Chapter 5 Belief Bias and Common Humanity - Meditations on Playwriting


The Anarchic, Outlaw, Dirty-faced Art Form -

Collaboration and Negotiation in Theatre

“How many friends do you have?” barked Skidmore down the telephone one evening.  Skidmore is a young chap I run into from time to time in bars and cafes. He wears tight trousers and, I regret to say, his baseball cap back to front. I’m not sure how many friends Skidmore has but he always seems to be hanging out with a different group every time I meet him. 

I replied that, for me, at the last count it was well over 600.  Thank you very much.

“I don’t mean Facebook Friends, I mean actual, flesh and blood face to face friends. Playwrights!
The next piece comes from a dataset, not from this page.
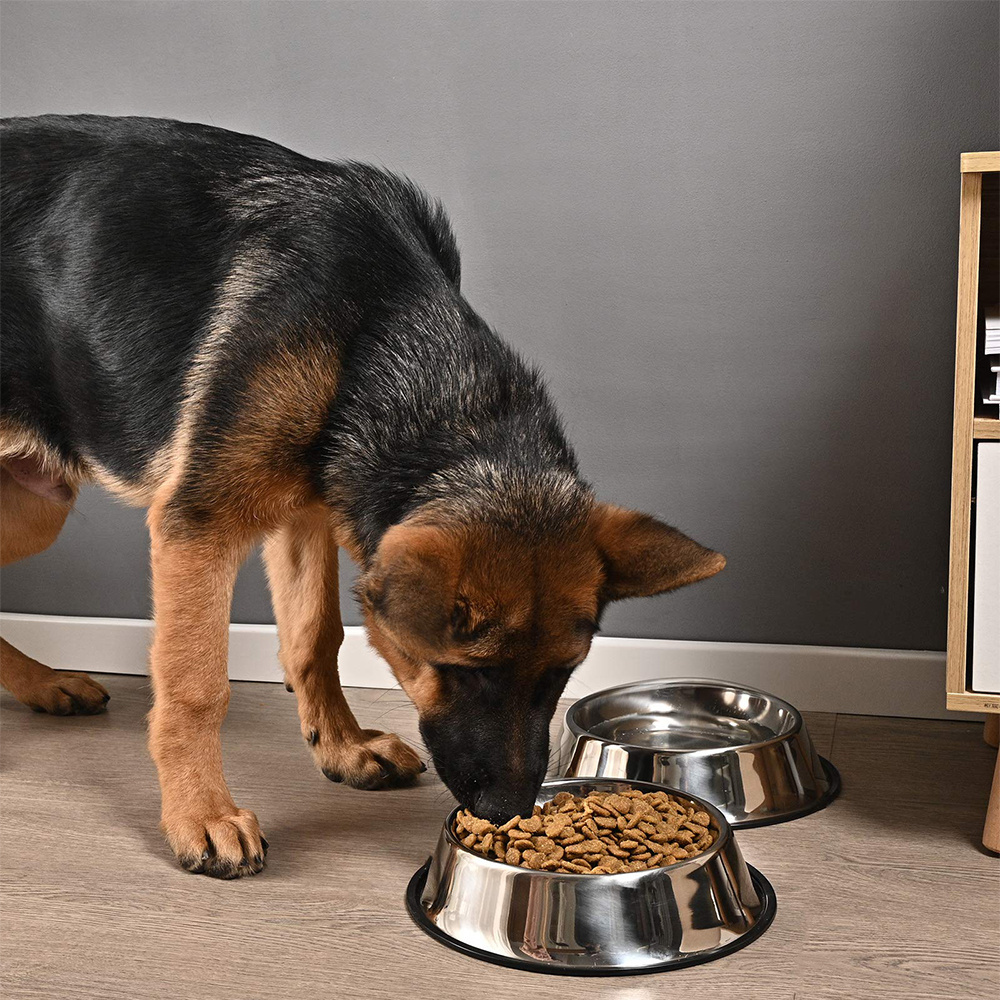 Wholesale nonslip dog bowl/pet bowl /cat bowl with rubber base Stainless Steel Pet food drinking bowl Dish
That’s the trouble with you old fogeys.  You think the world revolves around Facebook.  If I didn’t phone you from time to time you wouldn’t have any friends at all. You need to get out more.”

I declined Skidmore’s invitation to accompany him to a lap-dance club and, no doubt, to pick up the tab.  I had been considering cutting Skidmore from my social card (ie my Facebook Friends list) for some time.  He always seemed to want to drag me off somewhere or take part in some mad scheme.  I’m too old for all that now but I had a surreptitious glance through my contacts list to see how many people I can actually call face to face friends.  And that reminded me of a piece of research by a professor Allen who discovered that the more often people meet each other face to face, the more likely they are to phone each other.  He came up with a graph which became known as the Allen Curve demonstrating that the closer we are to our peers physically the more we will share communication and information with them.
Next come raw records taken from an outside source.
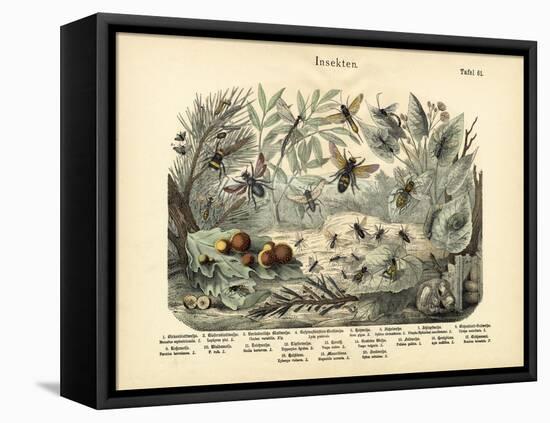 Insects, C.1860-null-Framed Stretched Canvas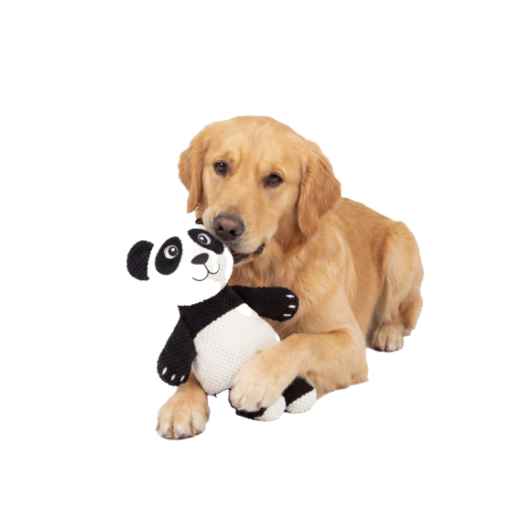 Picture of TOY DOG SILVER PAW JUNGLE FRIENDS - Panda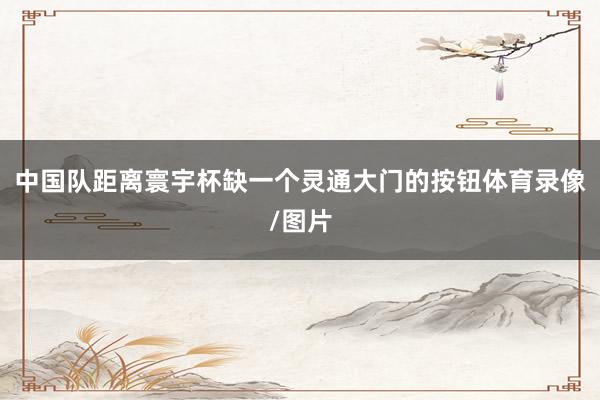中国队距离寰宇杯缺一个灵通大门的按钮体育录像/图片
We do not keep separate sets of people, some of which we communicate in one medium and some by another. The more often we see someone face-to-face, the more likely it is that we will telephone the person or communicate in some other medium."



And when I considered Skidmore’s original broadside I suppose the answer might better be, “How many friends do you think I need?
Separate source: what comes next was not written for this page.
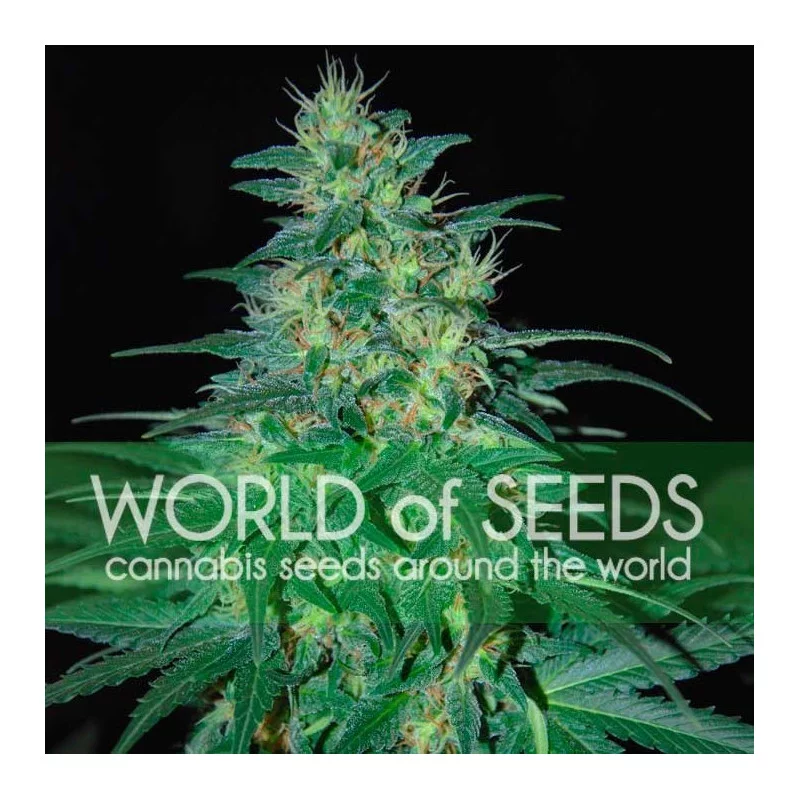 South African Kwasulu - World of Seeds - feminizovaná semena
 In his book that asks that very question (“How Many Friends Does One Person Need?”) Professor Robin Dunbar puts the number of others that we can comfortably interact with at somewhere between 100 and 250, probably about 150.  This is the size of the tribe or working group.   And surprisingly enough if I count family and friends and theatre contacts that’s approximately the number of folk I do keep up with.    And Skidmore himself. So, for once I fit into the “normal” category and, if he hadn’t run off to do whatever it was he wanted to do with tonight’s gang I should have phoned Skidmore back and told him.

But the kind of friends I have and the places I go to socialise are changing.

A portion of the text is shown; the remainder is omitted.